**Work to be completed:** The pictures in the listing below are to be skipped, while the lines between the line holding "30 Sexiest Surfer Babes Ever" and the line holding "SJS pullover 3/4", inclusive, are to be output exactly.

**Dataset excerpts:**
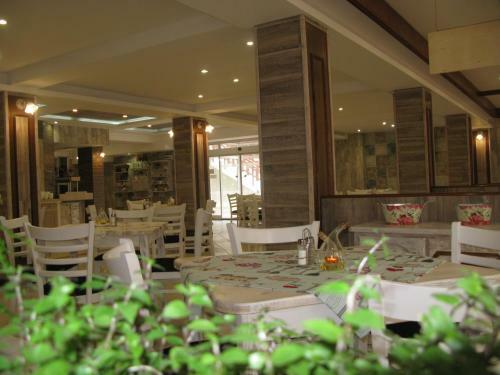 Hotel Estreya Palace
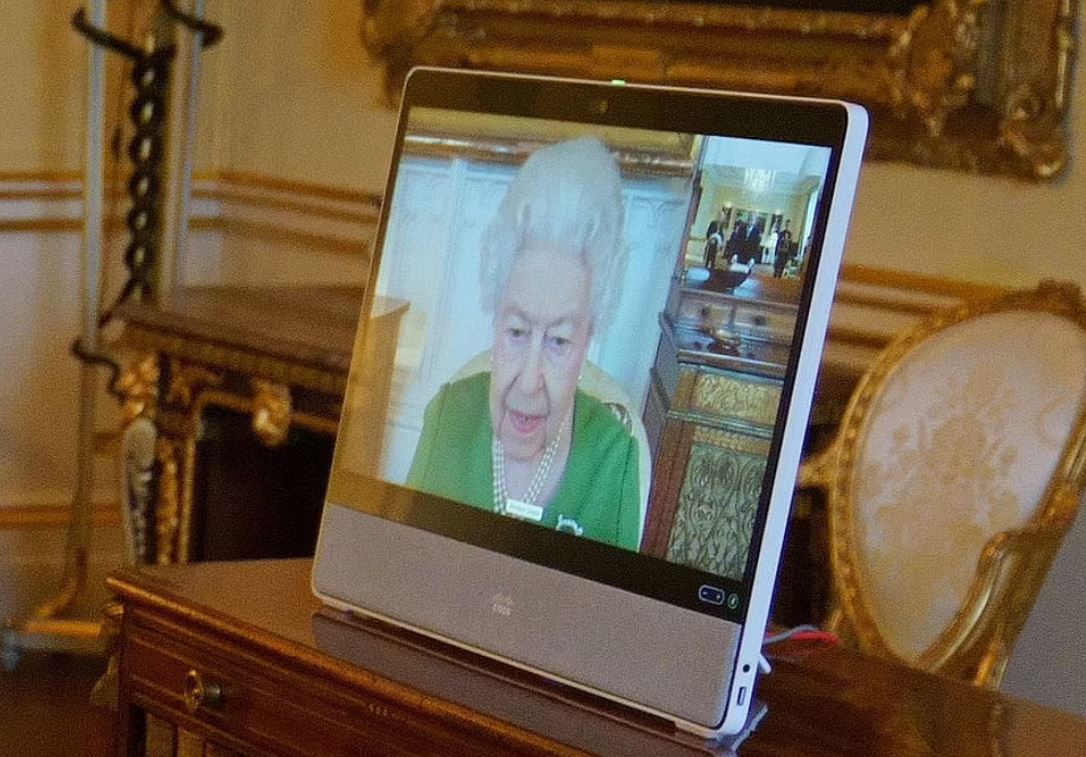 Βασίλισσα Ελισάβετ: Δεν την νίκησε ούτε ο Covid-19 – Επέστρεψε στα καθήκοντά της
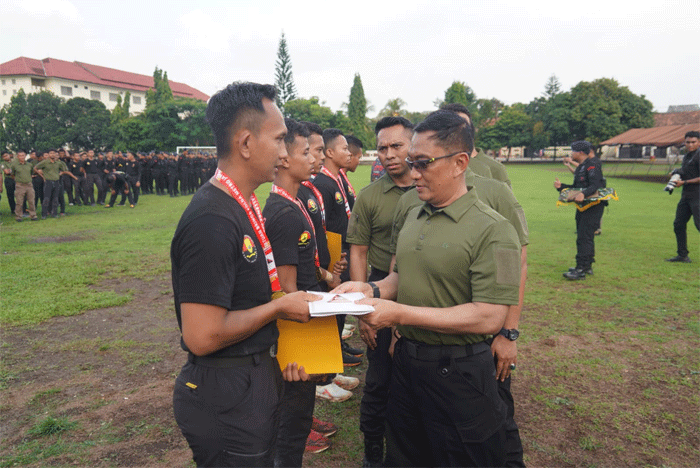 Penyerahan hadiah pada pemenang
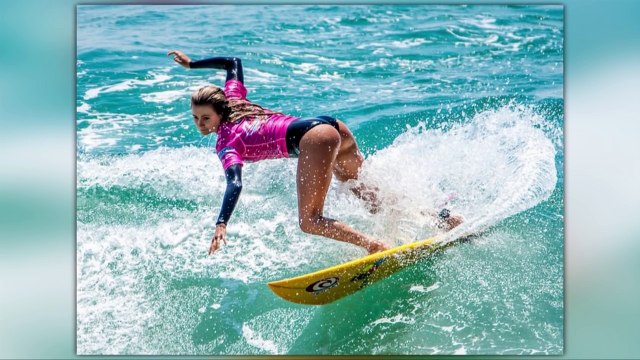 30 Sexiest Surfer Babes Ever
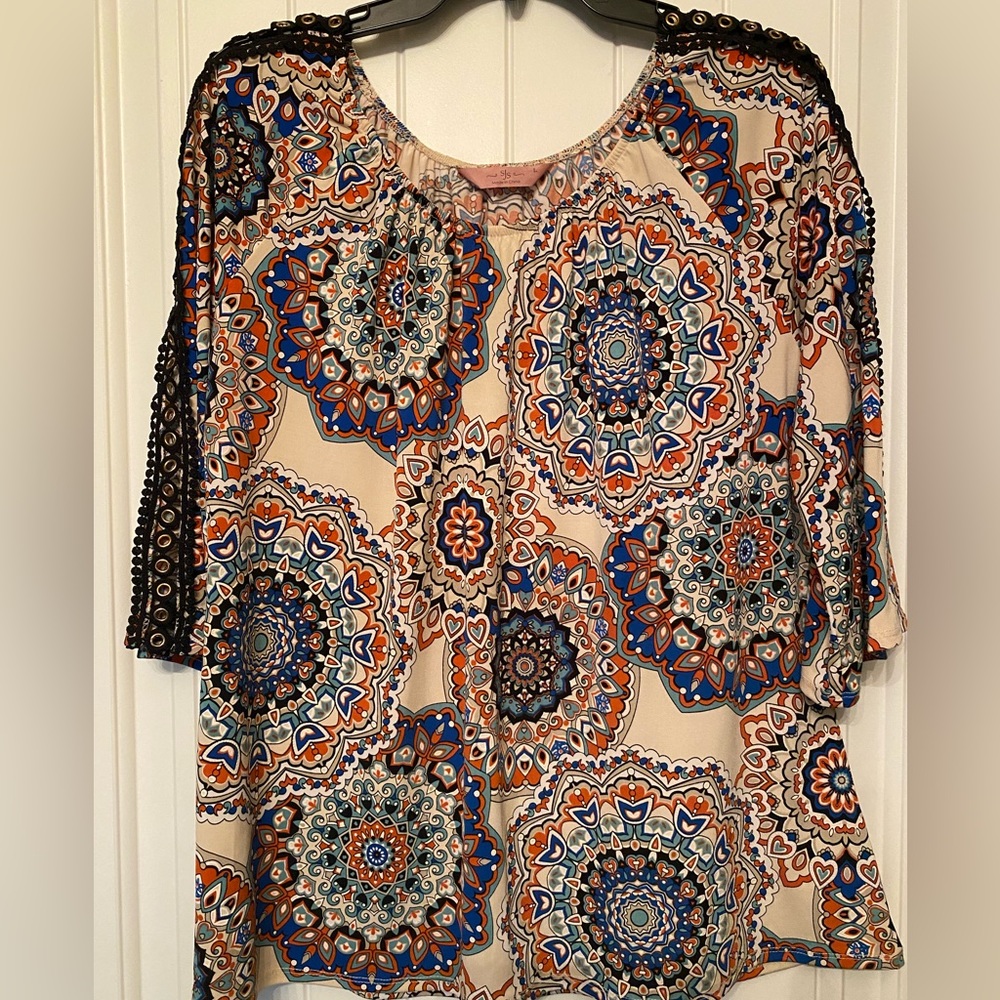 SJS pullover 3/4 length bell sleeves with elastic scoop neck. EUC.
...
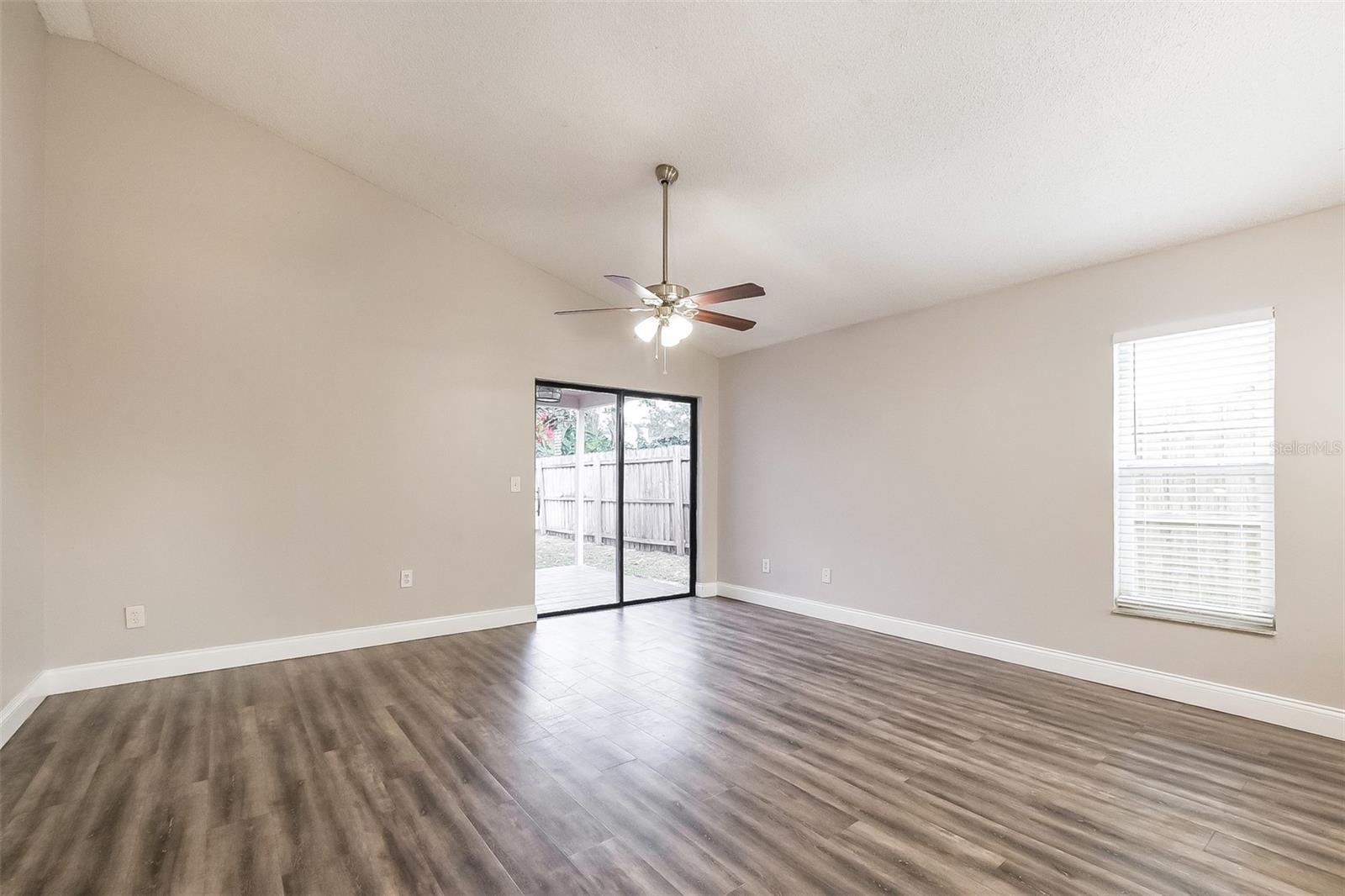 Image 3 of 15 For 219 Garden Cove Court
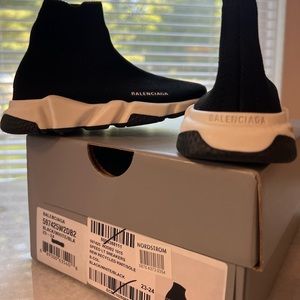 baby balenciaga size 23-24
--
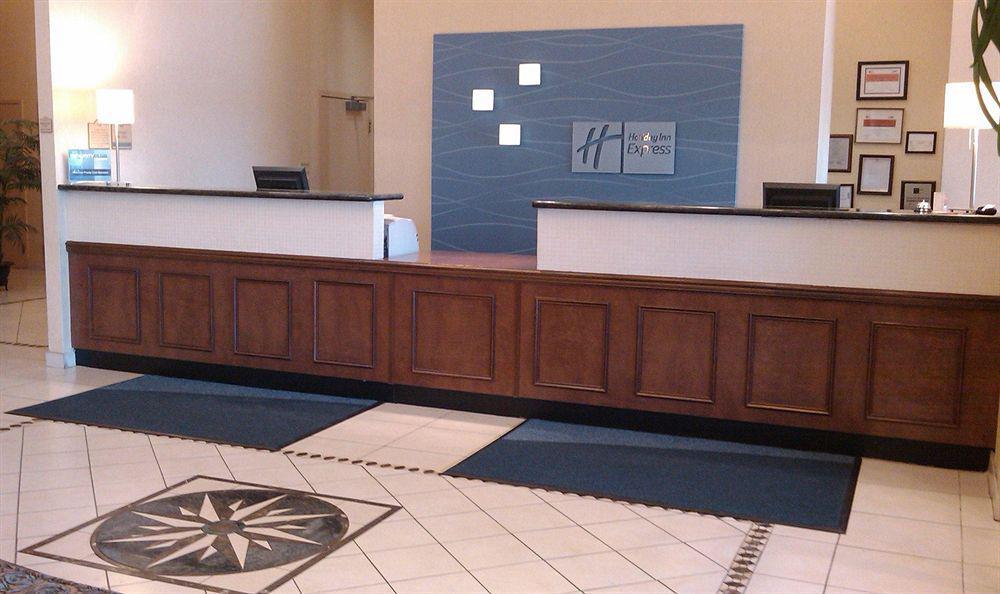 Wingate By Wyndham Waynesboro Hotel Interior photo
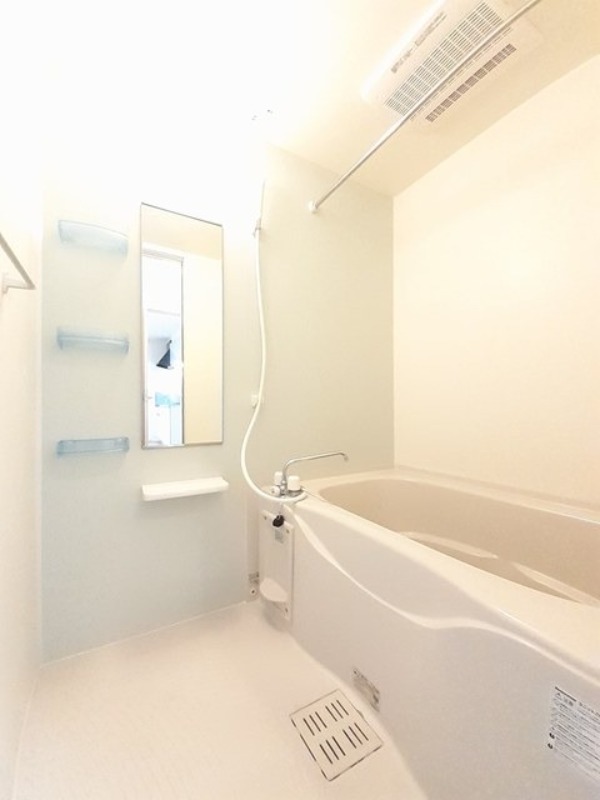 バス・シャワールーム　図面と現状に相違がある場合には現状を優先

**Answer to this exercise:**
 30 Sexiest Surfer Babes Ever
 SJS pullover 3/4 length bell sleeves with elastic scoop neck. EUC.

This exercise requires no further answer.